La sénatrice Ecologiste, Anne Souyris, reconnaît que si les rencontres intergroupes ont pour but de « former au maximum un bloc à gauche », « ce n’est pas un nirvana absolu ». A écouter ses partenaires de gauche, les socialistes se seraient trompés de totem en s’arc-boutant sur la suspension de la réforme des retraites. « Les socialistes savent très bien que leurs militants ne sont pas très contents de ce qui est en train de sortir de ce budget. On ne va pas voter le sacrifice de la Sécu sociale avec un Ondam (objectif national de dépenses d’assurance maladie, ndlr) qui n’augmente que 1,6 %, un doublement des franchises médicales… Pour un simple décalage de la réforme des retraites », mets dans la balance la sénatrice écologiste.

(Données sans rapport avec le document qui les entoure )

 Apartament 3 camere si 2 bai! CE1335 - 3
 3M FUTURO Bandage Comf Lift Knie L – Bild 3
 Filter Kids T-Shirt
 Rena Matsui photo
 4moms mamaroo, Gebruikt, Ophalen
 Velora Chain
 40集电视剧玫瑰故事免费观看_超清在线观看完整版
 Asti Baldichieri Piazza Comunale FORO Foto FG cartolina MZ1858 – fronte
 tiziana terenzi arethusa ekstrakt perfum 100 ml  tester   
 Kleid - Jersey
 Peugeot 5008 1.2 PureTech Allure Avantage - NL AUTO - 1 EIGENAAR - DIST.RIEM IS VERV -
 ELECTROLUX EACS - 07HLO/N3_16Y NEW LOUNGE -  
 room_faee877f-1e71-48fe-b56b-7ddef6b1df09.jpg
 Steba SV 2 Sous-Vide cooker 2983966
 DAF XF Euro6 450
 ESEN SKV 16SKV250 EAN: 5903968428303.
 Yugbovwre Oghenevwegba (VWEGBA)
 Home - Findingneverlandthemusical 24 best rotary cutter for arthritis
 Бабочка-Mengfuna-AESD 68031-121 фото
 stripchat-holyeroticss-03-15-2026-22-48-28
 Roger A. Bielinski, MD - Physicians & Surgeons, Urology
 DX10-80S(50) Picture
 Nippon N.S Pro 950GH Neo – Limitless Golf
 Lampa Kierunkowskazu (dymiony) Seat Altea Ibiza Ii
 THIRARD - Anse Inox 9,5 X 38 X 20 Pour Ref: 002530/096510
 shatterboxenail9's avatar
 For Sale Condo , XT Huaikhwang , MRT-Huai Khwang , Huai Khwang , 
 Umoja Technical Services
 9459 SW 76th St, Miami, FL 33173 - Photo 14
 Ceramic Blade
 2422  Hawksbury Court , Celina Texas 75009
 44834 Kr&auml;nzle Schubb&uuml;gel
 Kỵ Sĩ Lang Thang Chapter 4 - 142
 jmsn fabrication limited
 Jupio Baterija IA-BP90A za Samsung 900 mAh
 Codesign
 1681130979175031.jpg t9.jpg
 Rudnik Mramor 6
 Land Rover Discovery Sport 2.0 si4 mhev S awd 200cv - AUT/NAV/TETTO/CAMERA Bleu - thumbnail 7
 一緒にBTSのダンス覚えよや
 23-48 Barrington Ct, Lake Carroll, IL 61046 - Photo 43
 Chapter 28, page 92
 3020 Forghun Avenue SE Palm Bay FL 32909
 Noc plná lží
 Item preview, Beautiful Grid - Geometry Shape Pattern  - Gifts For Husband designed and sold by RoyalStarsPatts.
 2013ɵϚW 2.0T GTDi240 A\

« On assume être dans la négociation »
« On assume être dans la négociation et la suspension de la réforme était le point d’orgue de cette négociation », se défend Patrick Kanner. « Après on peut être dans la surenchère et demander la retraite à 60 ans et la taxe Zucman ou rien. Mais demander toujours plus, ça peut aboutir à complétement rien. Le budget n’est pas parfait mais il est mieux que la maquette initiale. Et je rappelle que nous socialistes, ne le voteront pas ».
Les socialistes ont bien compris que sous la Vème République, voter le budget gouvernement, signifie participer à la majorité. Avec le renoncement du Premier ministre à l’article 49.3, le PS est sur une ligne de crête. Il doit non seulement s’assurer que la quasi-unanimité de ses députés s’abstienne lors du vote final, mais aussi que ses partenaires de gauche, hors LFI fassent de même, pour que le budget et les avancées obtenues soient adoptées.
« Bruno Retailleau a enterré Lecornu I. J’ai l’impression que Gérard Larcher ne va enterrer Lecornu II »
En additionnant les voix du RN, de l’UDR et LFI, au moins 209 députés devraient rejeter le budget. Reste à trouver 210 députés, soit exactement le nombre de députés EPR, LR, Démocrates et Horizons, pour le voter. Un équilibre précaire qui nécessite l’abstention des autres groupes. Mais encore faudrait-il que la plateforme de stabilité constitue un bloc uniforme, ce qui est loin d’être le cas.
« Nos électeurs n’attendent pas de nous une abstention pour sauver ce qui reste de la macronie. Dans ces conditions, il aurait mieux valu censurer le gouvernement tout de suite, plutôt que de donner de faux espoirs aux gens », constate Cécile Cukierman.
Pour Anne Souyris, la solution doit venir aussi de la droite sénatoriale. « Mais elle ne fait aucun effort pour chercher un compromis. Bruno Retailleau a enterré Lecornu I. J’ai l’impression que Gérard Larcher ne va enterrer Lecornu II ». En cas de censure, le Premier ministre a prévenu les présidents de groupes du Sénat, elle « vaudra démission » et « dissolution ». Une fin d’année riches en rebondissements en perspective.